Having just looked at
ASCII strings to Unicode in C++[
^], here's my preferred solution to this part of the never-ending story of
string
conversion:
#include <locale>
#include <string>
std::wstring widen(const std::string& str)
{
std::wstring wstr(str.size(), 0);
#if _MSC_VER >= 1400 // use Microsofts Safe libraries if possible (>=VS2005)
std::use_facet<std::ctype<wchar_t> >(std::locale())._Widen_s
(&str[0], &str[0]+str.size(), &wstr[0], wstr.size());
#else
std::use_facet<std::ctype<wchar_t> >(std::locale()).widen
(&str[0], &str[0]+str.size(), &wstr[0]);
#endif
return wstr;
}
std::string narrow(const std::wstring& wstr, char rep = '_')
{
std::string str(wstr.size(), 0);
#if _MSC_VER >= 1400
std::use_facet<std::ctype<wchar_t> >(std::locale())._Narrow_s
(&wstr[0], &wstr[0]+wstr.size(), rep, &str[0], str.size());
#else
std::use_facet<std::ctype<wchar_t> >(std::locale()).narrow
(&wstr[0], &wstr[0]+wstr.size(), rep, &str[0]);
#endif
return str;
}
Yes, it does look nasty - but it is the way to go in pure C++. Funny enough, I never found any good and comprehensive documentation on C++ locales, most books tend to leave the topic unharmed.
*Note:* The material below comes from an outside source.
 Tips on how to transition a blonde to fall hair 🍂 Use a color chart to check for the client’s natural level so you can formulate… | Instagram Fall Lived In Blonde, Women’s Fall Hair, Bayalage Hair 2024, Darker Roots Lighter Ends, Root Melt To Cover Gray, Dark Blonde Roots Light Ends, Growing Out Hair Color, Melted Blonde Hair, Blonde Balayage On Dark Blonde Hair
By using the standard constructor of
std::locale
in the functions, the "C" locale defines the codepage for the conversion. The current codepage can be applied by calling
std::locale::global(std::locale(""));
before any call to
narrow(...)
or
widen(...)
.
One possible problem with this code is the use of multi-byte character sets. The predefined size of the function output strings expects a 1:1 relationship in
size()
between the
string
formats.